Лишь в коридоре она упокоилась и побрела вперёд, как во сне.
Толкнув первые попавшиеся двери, Иннин зашла в какую-то залу, чтобы побыть в одиночестве, не видеть никого, и чтобы никто не смог увидеть её.
Она остановилась посреди комнаты, уставилась невидящим взглядом в пол.
«Как же моя мечта? — колотилось у неё в висках. — Мой путь? Испытания…»
На этот раз сдержаться не удалось — слёзы бессилия, отчаяния и обречённости хлынули по её щекам. Иннин подняла руки, чтобы вытереть их, и внезапно увидела сквозь пелену, застлавшую глаза, что-то яркое, сверкнувшее, словно пламя факела.

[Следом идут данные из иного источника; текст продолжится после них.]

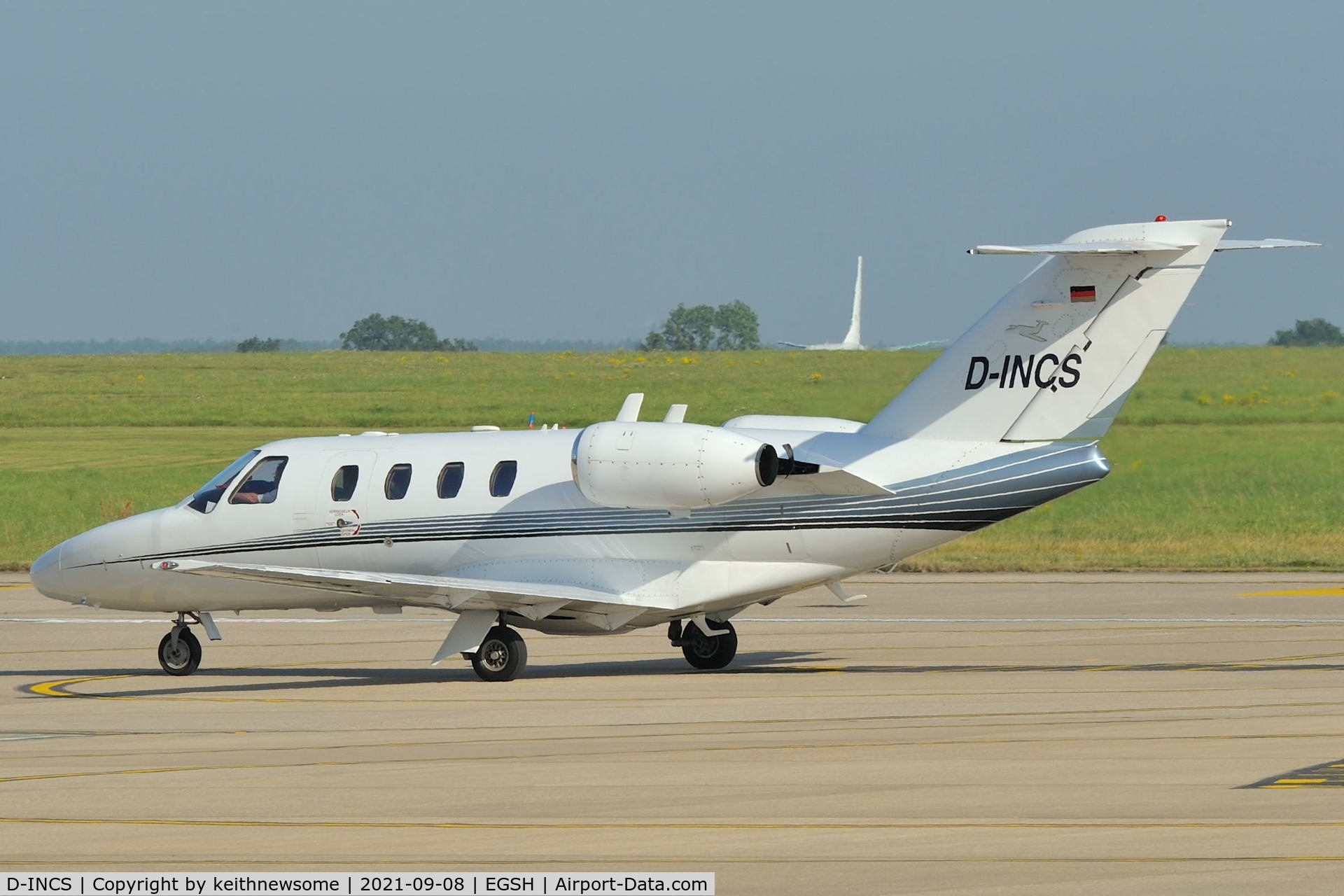 D-INCS, 2001 Cessna 525 CitationJet CJ1 C/N 525-0466, Arriving at Norwich from Oslo.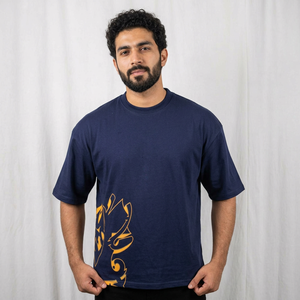 Camiseta de Manga Corta Azul Marino para Hombre con Estampado de Dragón Dorado, Cuello Redondo, Informal, Serigrafiada, 100% Algodón Jersey FINER THREADS - Product Image 1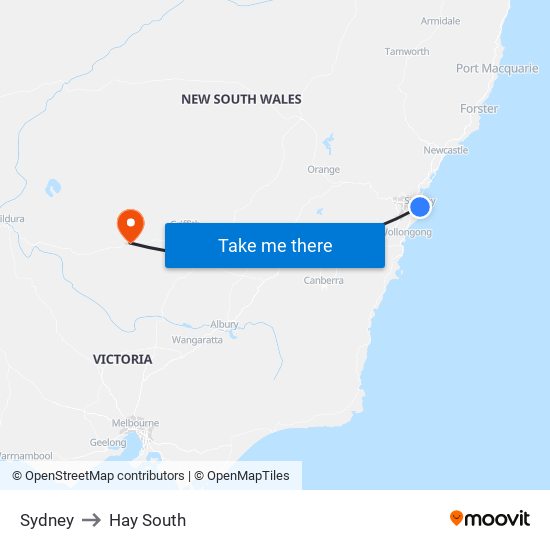 Sydney to Hay South map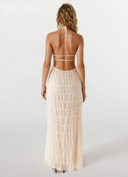 Greta | Women's Backless Sculpted Texture Maxi Summer Dress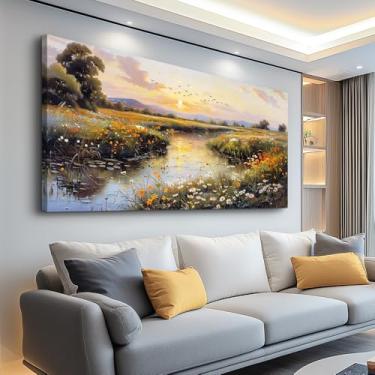 Imagem de PHAOHUAXM Arte de parede em tela para quarto decorações de parede para sala de estar decoração de escritório rebite vista pintura fazenda campo paisagem aquarela imagens impressão obras de arte parede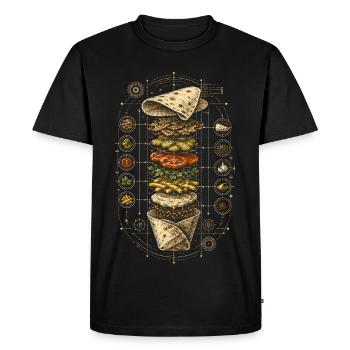 Plan d’action pour le shawarma libanais - T-shirt Premium bio Homme - noir - Devant - Nico (187cm)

Она замерла в той позе, в которой была, точно обращённая на месте в камень.
Он. Рыжеволосый Хатори.
Как она только могла его не заметить.
Иннин попыталась было продумать варианты отступления — незаметно вытереть лицо, быстро развернуться и уйти, но в ней как будто вдруг что-то надломилось, и из глаз хлынул новый поток слёз.
Эта неспособность совладать с собственным телом вызывала в ней глубочайшую растерянность, и она замерла на месте, больше не пытаясь ничего сделать, только широко распахнув глаза, из которых продолжали литься слёзы, уже как будто сами по себе.
— Что ты на меня смотришь? — наконец, проговорила Иннин.
Из-за слёз, стоявших в глазах, она не видела лица мальчишки — только смутный силуэт и пламя, яркое пламя волос, но знала, что он стоит на месте и не отрывает от неё взгляда.
Смотрит, как она плачет.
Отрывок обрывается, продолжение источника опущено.